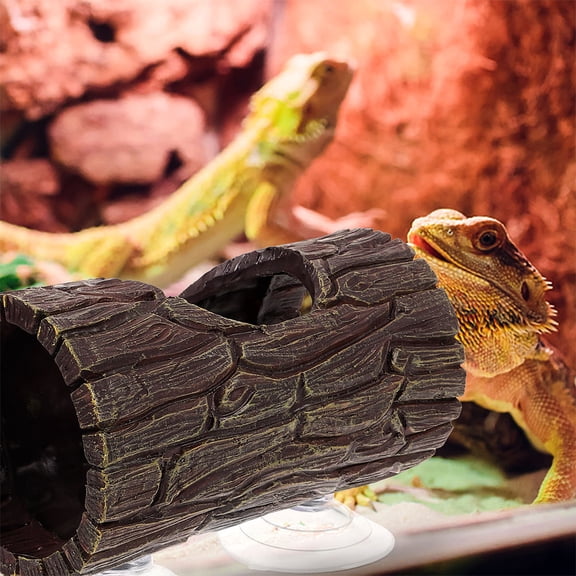 GAXIRE Realistic Tree Trunk Reptile Shelter with Suction Cups for Lizard Habitat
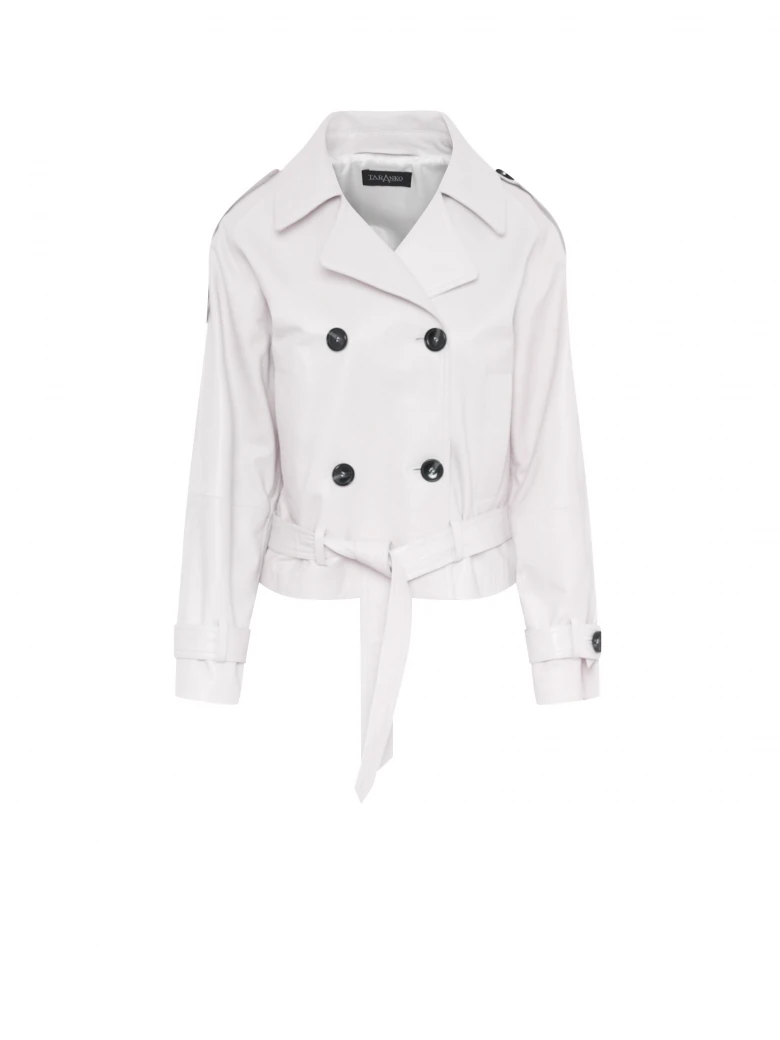 Cream double-breasted leather jacket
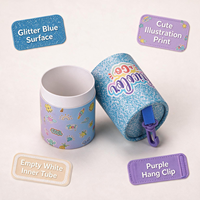 Tube en papier personnalisé avec motif de dessin animé mignon, emballage portable avec crochet, pour papeterie pour enfants, bonbons, cadeaux, boîte en papier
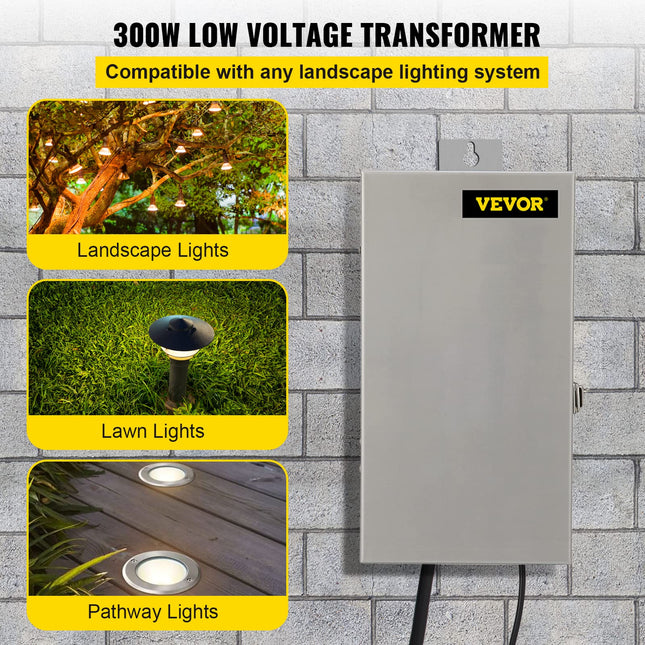 VEVOR Multi-Tap Low Voltage Transformer, 300W 120V AC to 12V/13V/14V/15V AC, Heavy-Duty Stainless Steel Landscape Transformer with Digital Timer Photocell Sensor, for Landscape Lighting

============

Aim of the task:
Give back, exactly and with nothing added, the lines from the line with "Tube en papier" through the final line of the data, both included; leave pictures out.

Output:
 Tube en papier personnalisé avec motif de dessin animé mignon, emballage portable avec crochet, pour papeterie pour enfants, bonbons, cadeaux, boîte en papier
 VEVOR Multi-Tap Low Voltage Transformer, 300W 120V AC to 12V/13V/14V/15V AC, Heavy-Duty Stainless Steel Landscape Transformer with Digital Timer Photocell Sensor, for Landscape Lighting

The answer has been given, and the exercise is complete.